In December 2009 the Company concluded that payments for residuals and participations under its liability to RHI would occur generally later than originally estimated in December 2006. Accordingly, the Company reduced the carrying amount of the liability by $682,000 and recognized a corresponding gain from sale of film assets in the accompanying statement of operations.

Selling, general and administrative expenses increased to $47.1 million for the year ended December 31, 2009, from $46.6 million in 2008. Marketing expenses decreased to $6.6 million for the year ended December 31, 2009, from $19.6 million in 2008. The Company had five marketing promotions in 2008 centered on five original movies. The Company had one significant marketing promotion in January 2009 centered on an original movie.

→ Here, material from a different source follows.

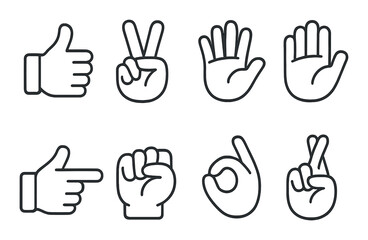 Hand gesture icons set &ndash; flat, expressive, communication symbols for digital design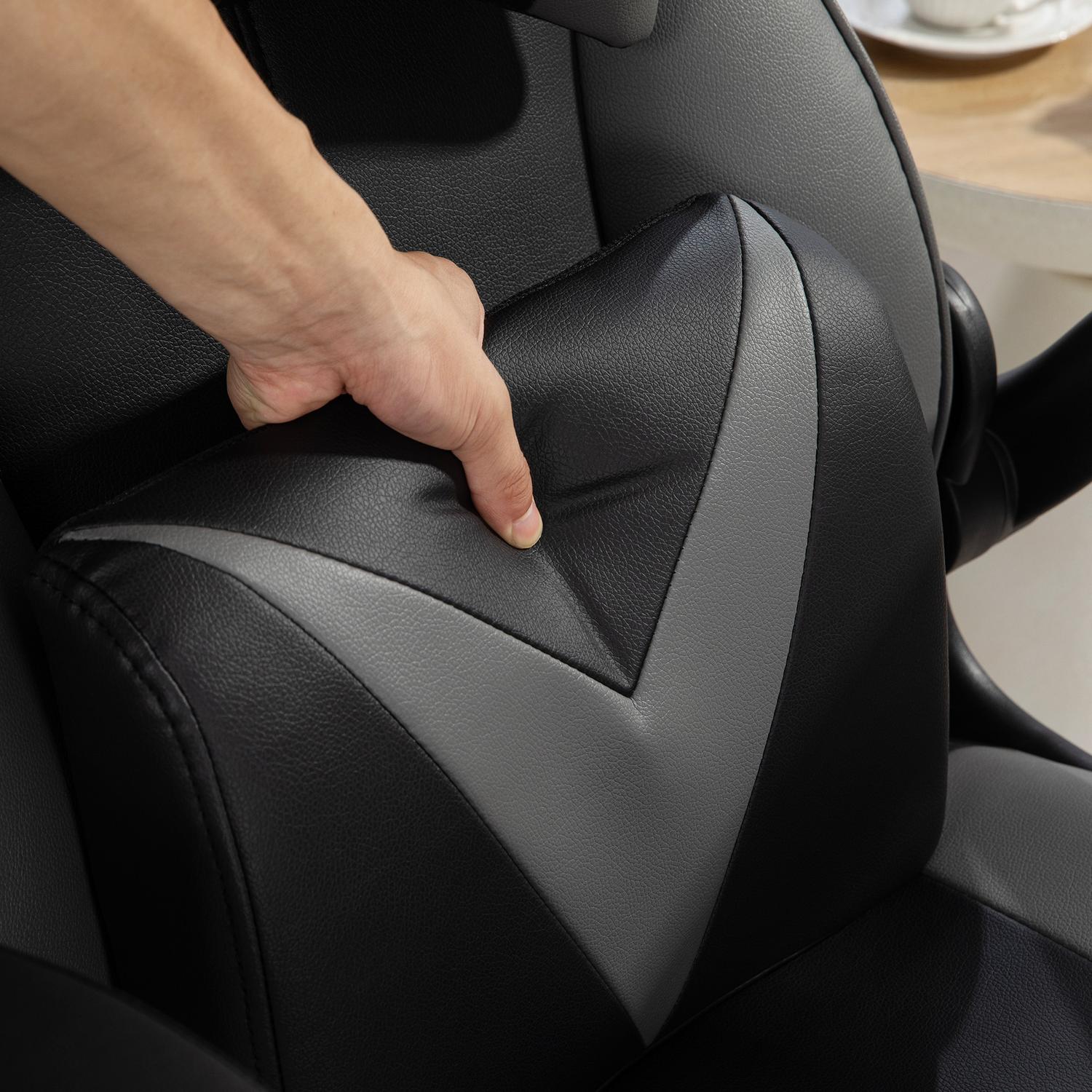 Ergonomické herní křeslo s houpacím mechanismem a bederním polštářem, černé/šedé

Adjusted EBITDA was $25.4 million for the fourth quarter of 2009 compared to $23.3 million for the same period last year. Cash provided by operating activities totaled $4.2 million for the fourth quarter of 2009 compared to $6.5 million for the same period last year. The net income for the quarter ended December 31, 2009, totaled $373,000, or $0.00 per share, compared to $1.3 million, or $0.01 per share, in the fourth quarter of 2008.

Adjusted EBITDA totaled $81.6 million for the year ended December 31, 2009, compared to $66.2 million for last year. Cash provided by operating activities totaled $37.6 million for the year ended December 31, 2009, compared to $48.1 million for last year. The net loss for the year ended December 31, 2009, totaled $22.6 million, or $0.22 per share, compared to $37.2 million, or $0.36 per share, in the same period of 2008.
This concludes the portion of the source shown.